Since most of us, despite our better efforts, are susceptible to that agenda and the complacency it encourages, it’s only fair to let you know what you’re in for if you see “A Bread Factory,” which unfolds in two parts, runs four hours and earns every minute. It offers further confirmation, after “In the Family” and “The Grief of Others” (a 2015 festival premiere that will make its belated appearance in theaters next week), that Wang is an unusually gifted and criminally undersung talent in independent filmmaking.
His latest is a warm and prickly humanist triumph that features no movie stars, disperses its attention across a large ensemble and feels meticulously handcrafted in every respect. The amicable spirits of Robert Altman, Jacques Rivette and Edward Yang hover over the talky, leisurely and casually intricate story, as does the equally loquacious influence of Richard Linklater, evident in the movie’s free-flowing conversational rhythms and determined embrace of small-town eccentricity.
The two films, which can be seen separately but work best as a double bill, together examine a series of economic and larger existential threats that assail the Bread Factory, which is partially subsidized by the local school board. Chief among those threats is a slick, better-funded Chinese conceptual-art duo called May Ray whose pseudo-edgy, utterly vapid performances receive the brunt of the movie’s contempt. (May is played by Janet Hsieh, Ray by George Young.)
The first picture, “Part One: For the Sake of Gold,” follows Dorothea as she fights a school budget proposal that would put the Bread Factory out of business. Her closest ally is her longtime professional and romantic partner, Greta (Elisabeth Henry), herself a seasoned stage actress. Also on their side is Jan (Glynnis O’Connor), a dogged reporter who begins investigating May Ray’s shady corporate backers, and a city council member, Mavis (Nan-Lyn Nelson), whom they can count on to vote in their favor.
But while the budget battle provides a measure of suspense, “Part One” is more meaningfully structured around the Bread Factory’s upcoming production of “Hecuba,” based on a fresh English translation by a local scholar, Elsa (Nana Visitor). And Wang, weaving deftly in and out of his ensemble and revealing the characters’ interconnected relationships in piecemeal fashion, shows how the bonds of community and activism intersect, not always conveniently, with those of love and family.
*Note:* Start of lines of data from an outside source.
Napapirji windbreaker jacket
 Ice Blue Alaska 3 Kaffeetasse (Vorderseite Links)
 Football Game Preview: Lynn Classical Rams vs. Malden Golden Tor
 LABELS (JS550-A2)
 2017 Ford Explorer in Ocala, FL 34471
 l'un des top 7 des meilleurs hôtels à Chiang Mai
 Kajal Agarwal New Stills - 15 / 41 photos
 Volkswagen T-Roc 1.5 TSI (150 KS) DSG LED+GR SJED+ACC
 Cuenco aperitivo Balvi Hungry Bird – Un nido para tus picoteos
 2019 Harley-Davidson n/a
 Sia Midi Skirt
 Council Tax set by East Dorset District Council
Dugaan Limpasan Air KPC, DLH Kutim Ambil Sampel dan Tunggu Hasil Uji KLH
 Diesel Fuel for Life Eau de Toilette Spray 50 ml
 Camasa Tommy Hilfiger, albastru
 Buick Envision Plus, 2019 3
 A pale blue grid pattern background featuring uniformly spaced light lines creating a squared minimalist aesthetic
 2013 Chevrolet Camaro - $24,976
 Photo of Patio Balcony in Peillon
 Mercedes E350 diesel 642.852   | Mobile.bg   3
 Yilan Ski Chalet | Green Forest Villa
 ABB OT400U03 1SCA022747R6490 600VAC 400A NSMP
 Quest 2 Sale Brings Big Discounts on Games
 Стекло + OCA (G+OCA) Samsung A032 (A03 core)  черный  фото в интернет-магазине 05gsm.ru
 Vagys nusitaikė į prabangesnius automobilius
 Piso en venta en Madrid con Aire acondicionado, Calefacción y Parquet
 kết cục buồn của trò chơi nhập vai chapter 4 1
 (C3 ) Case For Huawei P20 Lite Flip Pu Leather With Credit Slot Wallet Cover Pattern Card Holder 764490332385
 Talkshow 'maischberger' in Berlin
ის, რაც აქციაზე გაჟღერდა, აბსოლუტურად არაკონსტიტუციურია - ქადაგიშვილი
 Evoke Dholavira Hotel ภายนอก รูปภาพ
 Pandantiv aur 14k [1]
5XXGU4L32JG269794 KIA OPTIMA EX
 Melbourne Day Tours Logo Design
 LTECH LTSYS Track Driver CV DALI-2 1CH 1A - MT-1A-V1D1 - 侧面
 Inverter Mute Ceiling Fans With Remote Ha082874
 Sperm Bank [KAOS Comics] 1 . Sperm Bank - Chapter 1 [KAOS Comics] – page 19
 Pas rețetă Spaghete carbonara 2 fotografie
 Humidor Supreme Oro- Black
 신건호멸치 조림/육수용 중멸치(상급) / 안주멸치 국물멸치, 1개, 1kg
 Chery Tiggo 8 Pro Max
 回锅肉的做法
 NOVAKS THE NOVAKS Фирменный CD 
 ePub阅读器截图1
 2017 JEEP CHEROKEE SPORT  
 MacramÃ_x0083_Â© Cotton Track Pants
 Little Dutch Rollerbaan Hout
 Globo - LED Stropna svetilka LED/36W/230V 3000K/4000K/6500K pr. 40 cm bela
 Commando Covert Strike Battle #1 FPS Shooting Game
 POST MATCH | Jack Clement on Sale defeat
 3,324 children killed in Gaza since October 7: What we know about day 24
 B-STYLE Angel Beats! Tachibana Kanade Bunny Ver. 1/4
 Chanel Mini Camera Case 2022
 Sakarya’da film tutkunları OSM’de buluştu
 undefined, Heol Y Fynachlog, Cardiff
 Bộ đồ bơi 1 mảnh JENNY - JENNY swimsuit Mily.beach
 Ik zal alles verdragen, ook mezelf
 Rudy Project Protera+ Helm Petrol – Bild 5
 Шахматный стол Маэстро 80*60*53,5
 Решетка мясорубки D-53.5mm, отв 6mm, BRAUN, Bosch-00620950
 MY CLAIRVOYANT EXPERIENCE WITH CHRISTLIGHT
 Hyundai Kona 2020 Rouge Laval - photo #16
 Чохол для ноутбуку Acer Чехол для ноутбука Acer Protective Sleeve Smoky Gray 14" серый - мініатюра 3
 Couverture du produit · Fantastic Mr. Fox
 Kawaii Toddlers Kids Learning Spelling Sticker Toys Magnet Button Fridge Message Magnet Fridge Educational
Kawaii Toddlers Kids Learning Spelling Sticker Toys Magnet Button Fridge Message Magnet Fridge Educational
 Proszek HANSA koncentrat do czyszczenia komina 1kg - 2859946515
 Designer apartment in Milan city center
Elsa’s husband, a school union rep named Jason (James Marsters), turns out to be sleeping with Mavis, whose own husband, Sam (Milton Craig Nealy), runs a café that serves as a popular local hangout. The affair is unwittingly echoed, much more innocently, by the feelings that develop between Jason’s teenage son, Max (Zachary Sayle), and Mavis’ daughter, Julie (Erica Durham).
Max works as an intern at Jan’s newspaper, while Julie, an aspiring actress, has taken a role in “Hecuba.” She and Greta will share the stage with a veteran actor named Sir Walter (Brian Murray, who died in August), who in turn is nursing a decades-old grudge against a local critic, Jean-Marc (Philip Kerr), revealed in one of many scenes that show a barbed but generous appreciation for every step in the process of making, delivering and consuming a work of art.
But “A Bread Factory” doesn’t go out of its way to manufacture intrigue, and its most moving moments — as well as its frequently tart, tetchy humor — arise from a spirit of observation rather than contrivance. Its chief concern is the collaborative and often counter-intuitive energies that go into a stage performance, and Wang, shooting on grainy 16-millimeter film with the cinematographer Frank Barrera, draws the viewer in with unhurried long takes that subliminally re-create the unmediated quality of live theater.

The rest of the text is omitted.